Hyundai stated in a press release that no deal has been reached in the ongoing discussions, but that both automakers are looking at deals "across strategic areas."
COMPETITIVE THREATS AND GEOPOLITICAL TENSIONS
Chinese EV manufacturers have revolutionized the auto industry by introducing high-tech and low-cost models. GM, one of many legacy automakers, is losing sales in China - the largest auto market in the world - and aiming to increase revenues elsewhere. Hyundai's China business is small, but the threat from Chinese exports to other countries is real.
Both automakers face geopolitical pressures that are exacerbated by the tariffs levied by or threatened by U.S. president Donald Trump. These could limit their ability to import components and force them to increase U.S. manufacturing.
Two sources with knowledge of the situation say that tariff threats also add uncertainty to the GM and Hyundai partnership talks.
Sam Fiorani is vice president of Auto Forecast Solutions, a research firm. He said that GM could benefit from a commercial van agreement to better compete with Ford Transit and Ram ProMaster, without having to invest in developing its own model.
He said that GM needed new commercial vans because the production of its decades old Chevrolet Express and GMC Savana is set to end soon.
Hyundai has considered sharing its ST1 electric vans, which are compact electric commercial vehicles. According to documents and a source, GM would also get a larger electric van that Hyundai has developed to compete with the Mercedes-Benz Sprinter. Hyundai documents indicate that the two automakers may share their sales and service networks.

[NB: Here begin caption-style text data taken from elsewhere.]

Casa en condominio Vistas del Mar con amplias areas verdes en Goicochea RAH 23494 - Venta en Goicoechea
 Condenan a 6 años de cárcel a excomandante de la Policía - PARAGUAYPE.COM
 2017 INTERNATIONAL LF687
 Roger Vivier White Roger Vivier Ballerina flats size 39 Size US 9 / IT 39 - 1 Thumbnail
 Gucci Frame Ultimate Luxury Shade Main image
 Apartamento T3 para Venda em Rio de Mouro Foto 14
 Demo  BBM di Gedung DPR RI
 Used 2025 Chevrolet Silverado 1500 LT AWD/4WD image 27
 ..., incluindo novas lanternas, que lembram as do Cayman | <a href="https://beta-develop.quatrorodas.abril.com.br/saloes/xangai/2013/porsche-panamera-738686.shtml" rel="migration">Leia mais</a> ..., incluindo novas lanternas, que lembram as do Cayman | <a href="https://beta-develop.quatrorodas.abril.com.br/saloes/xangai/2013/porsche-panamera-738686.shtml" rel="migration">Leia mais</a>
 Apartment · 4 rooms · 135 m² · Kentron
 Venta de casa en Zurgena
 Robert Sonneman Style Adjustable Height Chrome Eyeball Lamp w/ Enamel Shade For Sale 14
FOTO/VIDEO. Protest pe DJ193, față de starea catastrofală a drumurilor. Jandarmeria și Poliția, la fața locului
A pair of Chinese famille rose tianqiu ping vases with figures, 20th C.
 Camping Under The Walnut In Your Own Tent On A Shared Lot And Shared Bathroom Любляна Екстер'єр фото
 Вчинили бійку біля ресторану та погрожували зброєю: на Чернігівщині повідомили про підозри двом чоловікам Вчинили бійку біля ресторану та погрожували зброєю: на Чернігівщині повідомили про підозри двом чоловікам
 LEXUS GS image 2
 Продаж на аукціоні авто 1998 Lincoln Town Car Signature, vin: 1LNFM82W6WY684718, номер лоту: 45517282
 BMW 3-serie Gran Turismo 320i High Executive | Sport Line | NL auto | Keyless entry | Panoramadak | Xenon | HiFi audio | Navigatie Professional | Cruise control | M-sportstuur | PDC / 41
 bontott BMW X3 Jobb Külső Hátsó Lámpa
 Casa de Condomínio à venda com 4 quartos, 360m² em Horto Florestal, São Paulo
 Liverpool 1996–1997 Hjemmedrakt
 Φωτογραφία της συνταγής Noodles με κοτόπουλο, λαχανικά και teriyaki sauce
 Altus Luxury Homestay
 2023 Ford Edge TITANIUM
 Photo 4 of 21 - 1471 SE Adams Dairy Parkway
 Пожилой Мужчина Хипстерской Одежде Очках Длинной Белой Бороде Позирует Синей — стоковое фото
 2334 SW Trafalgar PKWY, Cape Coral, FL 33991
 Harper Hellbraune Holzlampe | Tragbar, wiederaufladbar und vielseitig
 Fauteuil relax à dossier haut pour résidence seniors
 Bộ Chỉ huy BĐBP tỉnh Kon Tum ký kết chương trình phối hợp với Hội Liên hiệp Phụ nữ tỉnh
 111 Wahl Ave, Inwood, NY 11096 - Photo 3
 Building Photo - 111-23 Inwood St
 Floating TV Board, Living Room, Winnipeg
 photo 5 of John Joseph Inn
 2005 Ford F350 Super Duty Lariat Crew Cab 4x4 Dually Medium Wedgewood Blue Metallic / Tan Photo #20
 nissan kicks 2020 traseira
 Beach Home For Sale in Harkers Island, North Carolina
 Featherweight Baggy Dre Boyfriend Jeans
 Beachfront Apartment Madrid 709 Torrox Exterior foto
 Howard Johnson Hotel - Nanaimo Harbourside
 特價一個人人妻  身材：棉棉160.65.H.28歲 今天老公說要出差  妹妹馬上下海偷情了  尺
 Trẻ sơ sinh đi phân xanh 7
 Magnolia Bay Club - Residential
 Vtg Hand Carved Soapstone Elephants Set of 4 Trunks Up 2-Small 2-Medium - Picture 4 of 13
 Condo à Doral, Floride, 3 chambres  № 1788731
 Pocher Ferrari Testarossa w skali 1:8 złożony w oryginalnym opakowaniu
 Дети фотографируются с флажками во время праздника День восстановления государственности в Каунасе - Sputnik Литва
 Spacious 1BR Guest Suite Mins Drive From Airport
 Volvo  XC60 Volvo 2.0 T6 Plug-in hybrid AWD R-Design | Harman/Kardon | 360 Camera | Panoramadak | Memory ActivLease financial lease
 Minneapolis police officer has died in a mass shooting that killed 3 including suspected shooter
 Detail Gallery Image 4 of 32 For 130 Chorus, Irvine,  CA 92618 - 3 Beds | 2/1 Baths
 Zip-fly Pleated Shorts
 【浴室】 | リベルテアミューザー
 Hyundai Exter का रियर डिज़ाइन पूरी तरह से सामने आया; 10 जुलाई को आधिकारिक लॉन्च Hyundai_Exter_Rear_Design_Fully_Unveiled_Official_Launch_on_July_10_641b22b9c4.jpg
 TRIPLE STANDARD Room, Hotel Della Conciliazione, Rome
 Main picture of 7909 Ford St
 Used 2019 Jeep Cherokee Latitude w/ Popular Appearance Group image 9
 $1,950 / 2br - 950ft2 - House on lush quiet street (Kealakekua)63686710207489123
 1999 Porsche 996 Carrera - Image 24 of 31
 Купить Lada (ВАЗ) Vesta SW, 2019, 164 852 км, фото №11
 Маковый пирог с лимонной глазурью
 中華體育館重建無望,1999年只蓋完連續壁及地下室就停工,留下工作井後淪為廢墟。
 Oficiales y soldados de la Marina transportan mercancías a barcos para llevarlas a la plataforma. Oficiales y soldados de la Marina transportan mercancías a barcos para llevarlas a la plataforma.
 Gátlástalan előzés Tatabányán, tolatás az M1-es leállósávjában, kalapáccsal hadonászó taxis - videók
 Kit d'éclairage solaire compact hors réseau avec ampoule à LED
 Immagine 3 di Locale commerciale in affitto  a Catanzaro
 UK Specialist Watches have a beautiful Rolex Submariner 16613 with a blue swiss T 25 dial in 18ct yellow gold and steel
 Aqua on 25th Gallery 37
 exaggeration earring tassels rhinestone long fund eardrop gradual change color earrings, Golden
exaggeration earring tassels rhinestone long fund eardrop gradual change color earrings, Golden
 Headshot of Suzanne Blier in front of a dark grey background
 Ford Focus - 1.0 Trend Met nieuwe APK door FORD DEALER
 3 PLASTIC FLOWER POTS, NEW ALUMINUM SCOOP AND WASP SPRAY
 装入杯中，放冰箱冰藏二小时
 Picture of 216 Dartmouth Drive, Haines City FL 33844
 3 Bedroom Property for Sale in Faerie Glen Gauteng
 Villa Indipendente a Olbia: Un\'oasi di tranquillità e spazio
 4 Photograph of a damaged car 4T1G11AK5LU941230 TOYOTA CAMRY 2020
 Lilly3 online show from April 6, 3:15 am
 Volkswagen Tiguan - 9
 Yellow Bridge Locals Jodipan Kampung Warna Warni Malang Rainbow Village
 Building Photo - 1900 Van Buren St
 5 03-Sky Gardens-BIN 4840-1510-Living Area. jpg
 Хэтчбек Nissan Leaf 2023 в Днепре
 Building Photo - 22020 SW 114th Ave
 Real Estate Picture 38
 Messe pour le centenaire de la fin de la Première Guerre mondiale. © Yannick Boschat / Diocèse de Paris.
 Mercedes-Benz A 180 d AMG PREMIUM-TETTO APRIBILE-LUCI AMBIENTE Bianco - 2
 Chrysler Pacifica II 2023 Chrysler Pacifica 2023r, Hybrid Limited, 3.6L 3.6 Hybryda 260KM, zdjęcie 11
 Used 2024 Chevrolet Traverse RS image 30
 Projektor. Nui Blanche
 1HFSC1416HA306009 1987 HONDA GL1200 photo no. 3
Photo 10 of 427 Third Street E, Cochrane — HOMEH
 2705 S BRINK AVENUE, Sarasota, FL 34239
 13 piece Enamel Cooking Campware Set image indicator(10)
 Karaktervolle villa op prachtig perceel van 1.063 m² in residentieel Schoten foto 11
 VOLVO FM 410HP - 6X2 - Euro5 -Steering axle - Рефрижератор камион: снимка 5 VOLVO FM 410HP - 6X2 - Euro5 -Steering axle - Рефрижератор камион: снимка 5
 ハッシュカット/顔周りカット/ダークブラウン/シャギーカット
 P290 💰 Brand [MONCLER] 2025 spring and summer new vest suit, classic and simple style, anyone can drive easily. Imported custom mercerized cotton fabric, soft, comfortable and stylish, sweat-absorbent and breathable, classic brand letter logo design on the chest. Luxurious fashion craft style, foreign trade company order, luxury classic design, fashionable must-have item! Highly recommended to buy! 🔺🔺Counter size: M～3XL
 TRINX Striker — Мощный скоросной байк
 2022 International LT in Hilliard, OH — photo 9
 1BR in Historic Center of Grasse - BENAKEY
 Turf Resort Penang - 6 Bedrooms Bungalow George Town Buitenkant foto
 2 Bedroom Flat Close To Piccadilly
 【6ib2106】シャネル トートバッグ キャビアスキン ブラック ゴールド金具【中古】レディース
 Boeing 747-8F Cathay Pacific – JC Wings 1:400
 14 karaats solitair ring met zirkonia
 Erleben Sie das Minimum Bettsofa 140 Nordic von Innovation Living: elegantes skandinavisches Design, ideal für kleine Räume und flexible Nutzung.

Documents state that the smaller van will be assembled initially at Hyundai's Ulsan factory in South Korea and could potentially be supplied to GM beginning in mid-2027. In 2028, the model will be replaced by a larger van that is similar to Hyundai's Solati.
The proposed new North American van factory would aim to produce 60,000 vehicles by 2030, and over 100,000 by 2032.
PICKUP TRUCKS, SMALL SUVS
Hyundai has increased its U.S. Sales while China's sales are declining. It is now a serious competitor to Tesla on the EV Market, along with GM. Hyundai, unlike GM has a small presence in the lucrative U.S. truck and commercial vehicle market.
Fiorani of Auto Forecast Solutions said that Hyundai can leverage the GM partnership in order to gain a foothold where competitors like Toyota and Nissan are struggling to compete with Detroit Three automakers.
One source said that Hyundai is looking to give GM a small SUV called Creta in order to refresh its model line-up in Brazil.
Third source says GM is hoping to partly compensate for its struggles in China by partnering with Hyundai. The person stated that GM could potentially expand into South American markets by using Hyundai's mid-sized and small vehicle platforms. (Reporting from Hyunjoo Ji and Heekyong Ya in Seoul; Norihiko Shrouzu in Austin; Additional reporting in Detroit by Kalea hall; Editing and rewriting by Brian Thevenot, Nia Williams and Nigel Williams).